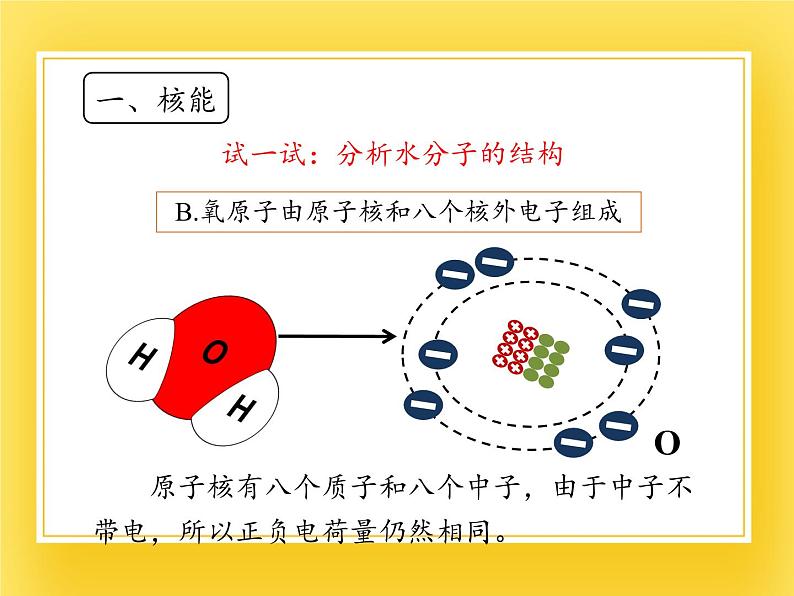 鲁教版（五四制）九年级下册 物理 课件 20.2核能07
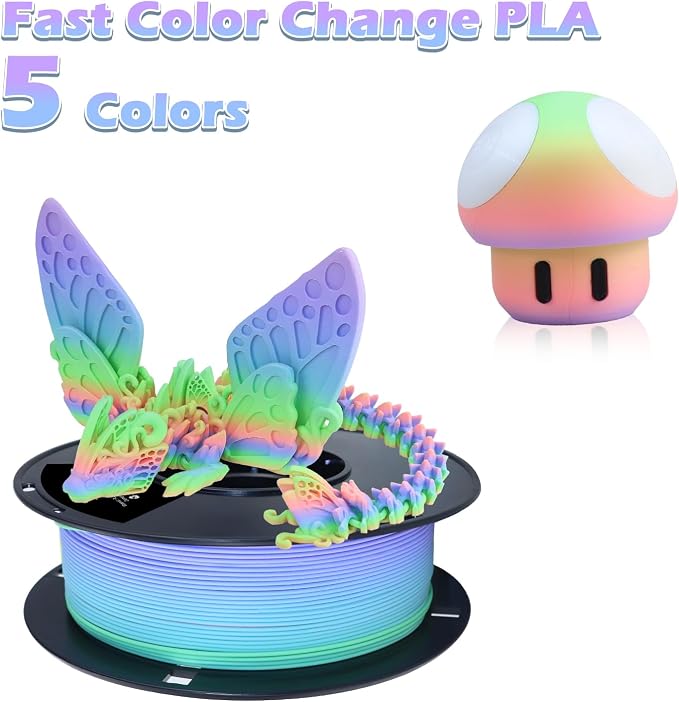 LOVOON 1.75mm 3D Printing Filament Bundle 2 KG, Silk and Matte Rainbow PLA Filaments Bundle Color Changing by Length 3D Printer PLA Filaments, Gradient Rainbow PLA,1KG X 2 Spools
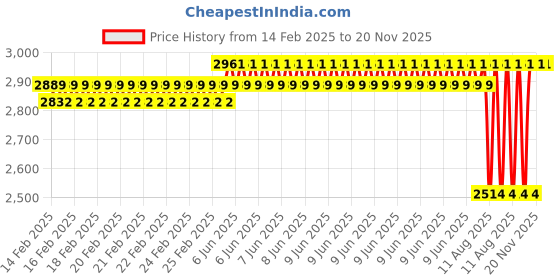 robu.in Hiwonder USB Wide-angle Camera 130 Degree Price History Graph from 14 Feb 2025 to 20 Nov 2025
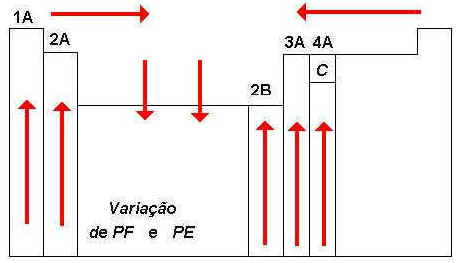 Propriedades Periódicas dos Elementos Químicos Propriedades Periódicas dos Elementos Químicos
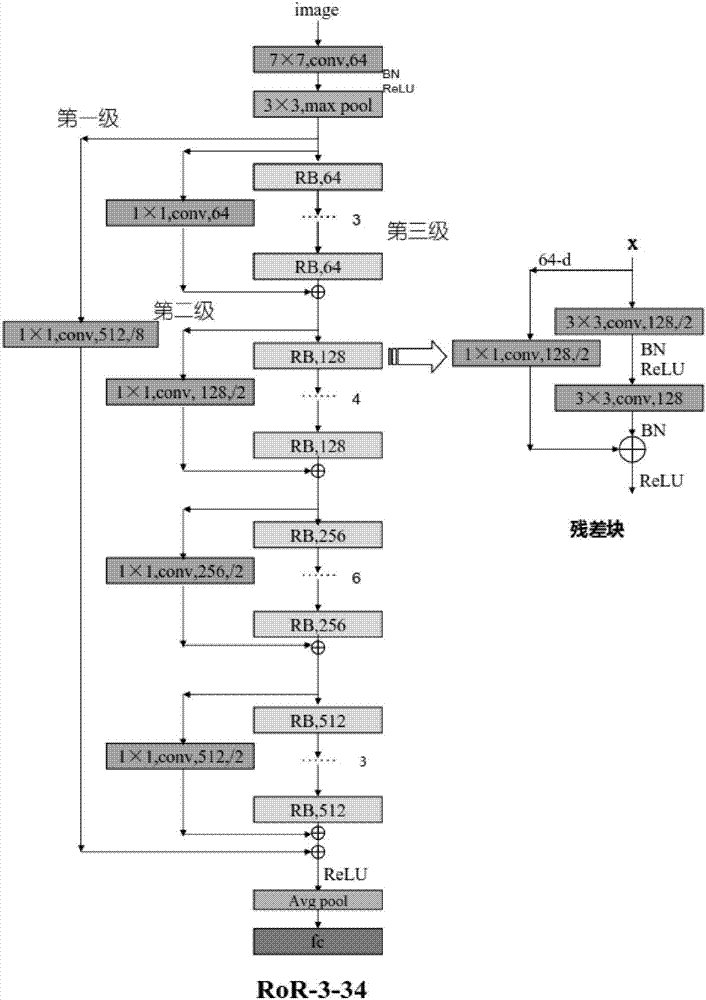 Facial image age estimation method based on three-level residual error network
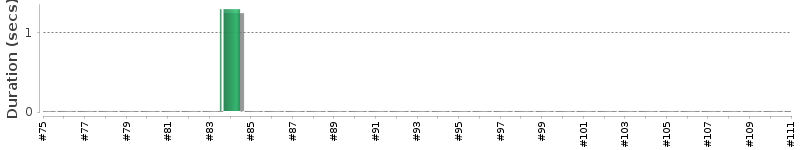 [Method Execution Trend Chart]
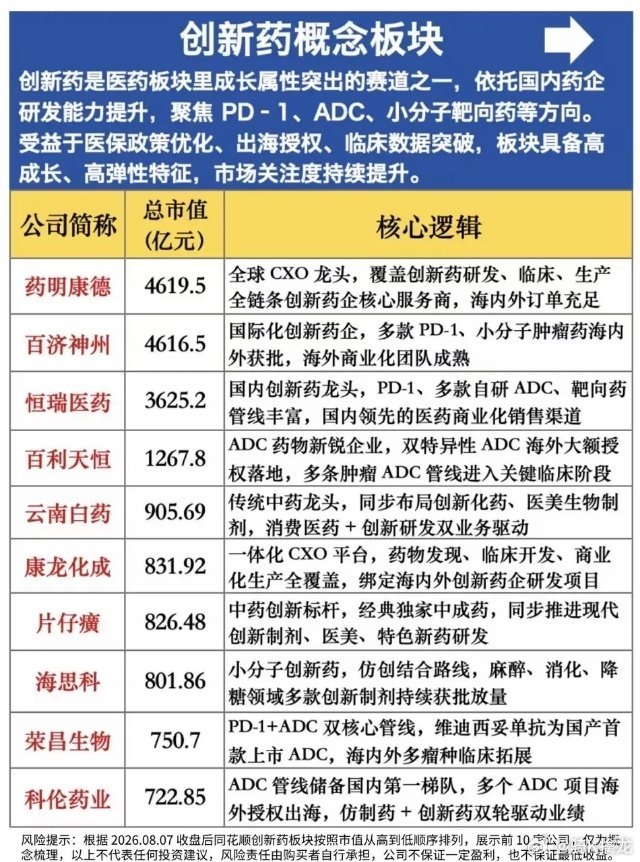 创新药迎来修复窗口，分化才是市场的主旋律医药板块几经起伏，创新药始终是市场当中最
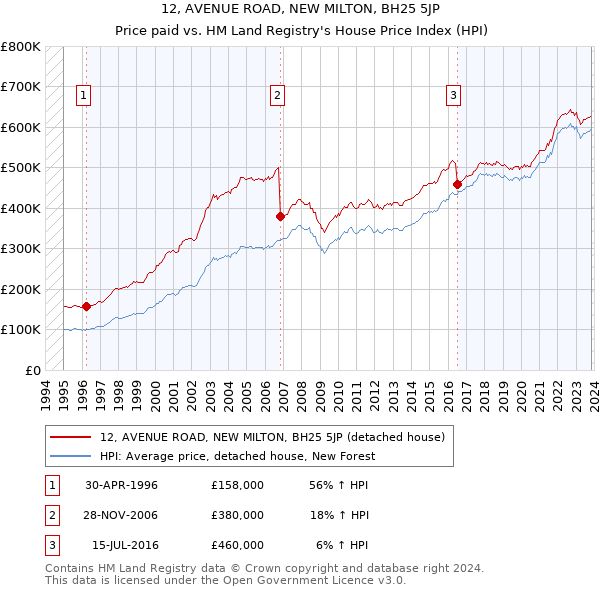 12, AVENUE ROAD, NEW MILTON, BH25 5JP: Price paid vs HM Land Registry's House Price Index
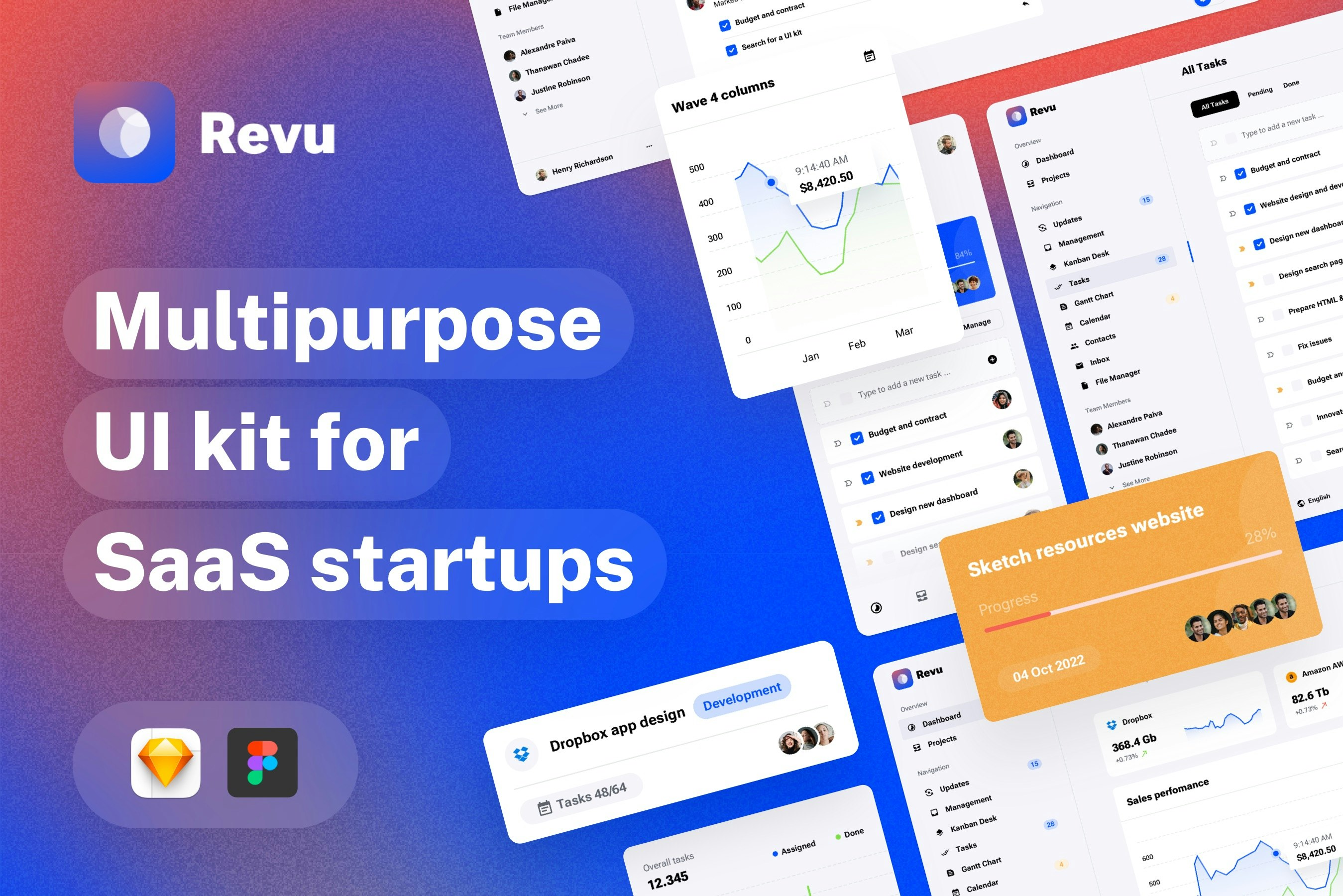 Revu - UI kit for SaaS Startups media 1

────

• [Task requirements]:
Skip the pictures and print each record exactly as it stands.

• [Written solution]:
 鲁教版（五四制）九年级下册 物理 课件 20.2核能07
 LOVOON 1.75mm 3D Printing Filament Bundle 2 KG, Silk and Matte Rainbow PLA Filaments Bundle Color Changing by Length 3D Printer PLA Filaments, Gradient Rainbow PLA,1KG X 2 Spools
 robu.in Hiwonder USB Wide-angle Camera 130 Degree Price History Graph from 14 Feb 2025 to 20 Nov 2025
 Propriedades Periódicas dos Elementos Químicos Propriedades Periódicas dos Elementos Químicos
 Facial image age estimation method based on three-level residual error network
 [Method Execution Trend Chart]
 创新药迎来修复窗口，分化才是市场的主旋律医药板块几经起伏，创新药始终是市场当中最
 12, AVENUE ROAD, NEW MILTON, BH25 5JP: Price paid vs HM Land Registry's House Price Index
 Revu - UI kit for SaaS Startups media 1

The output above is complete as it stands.